Input for this task below:

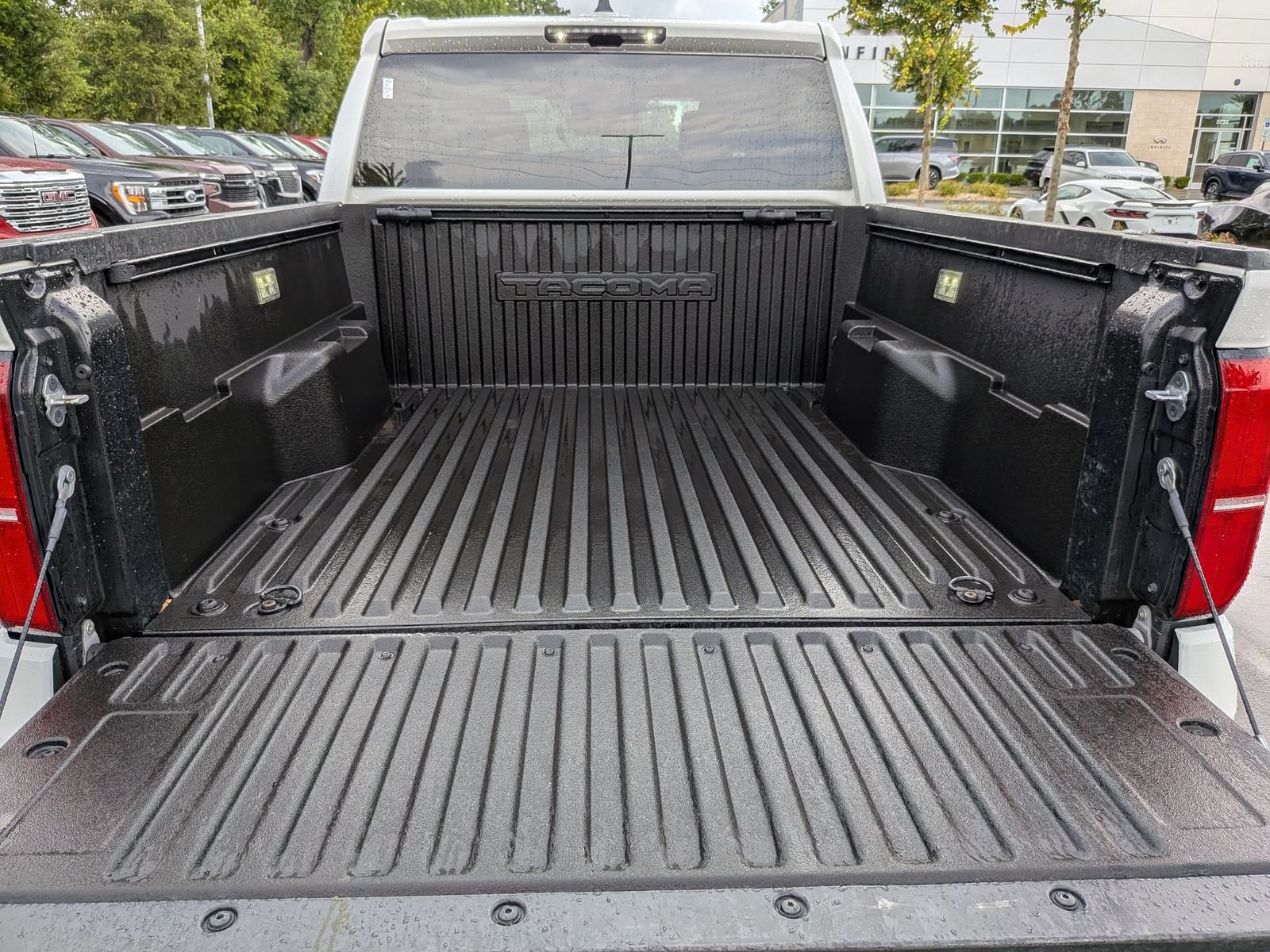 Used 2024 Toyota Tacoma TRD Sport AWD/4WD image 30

End of Input for this task.
Input for this task below:

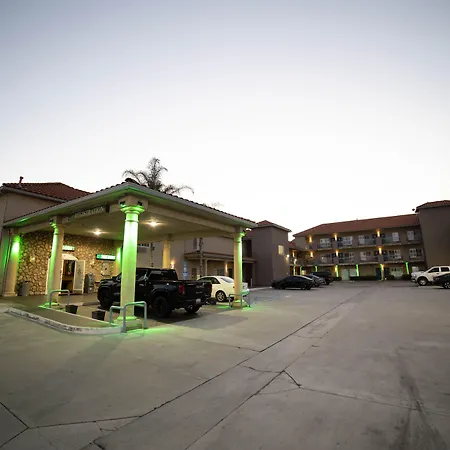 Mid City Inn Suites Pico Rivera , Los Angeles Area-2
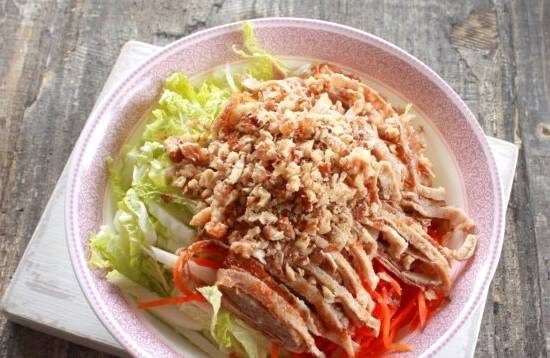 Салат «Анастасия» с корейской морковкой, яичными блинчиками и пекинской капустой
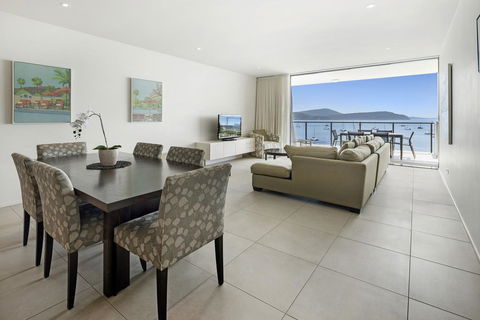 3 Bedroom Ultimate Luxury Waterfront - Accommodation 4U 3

End of Input for this task.
Input for this task below:

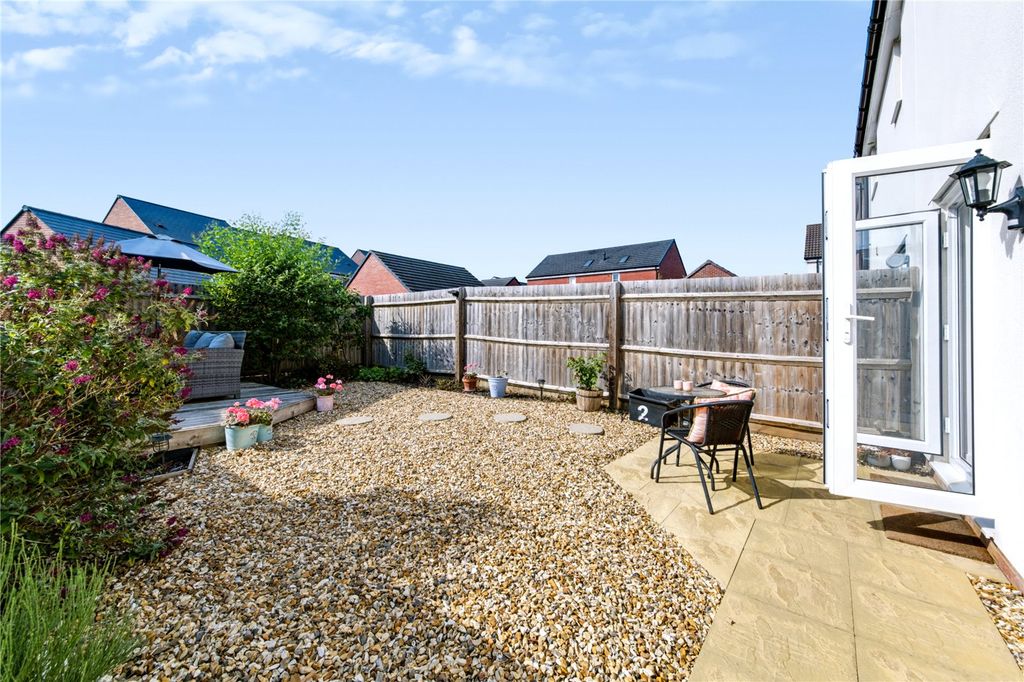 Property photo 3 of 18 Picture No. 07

End of Input for this task.

Copy out the listing above from the line containing "Mid City Inn" to the line containing "3 Bedroom Ultimate", both included, exactly as written and minus the images.

 Mid City Inn Suites Pico Rivera , Los Angeles Area-2
 Салат «Анастасия» с корейской морковкой, яичными блинчиками и пекинской капустой
 3 Bedroom Ultimate Luxury Waterfront - Accommodation 4U 3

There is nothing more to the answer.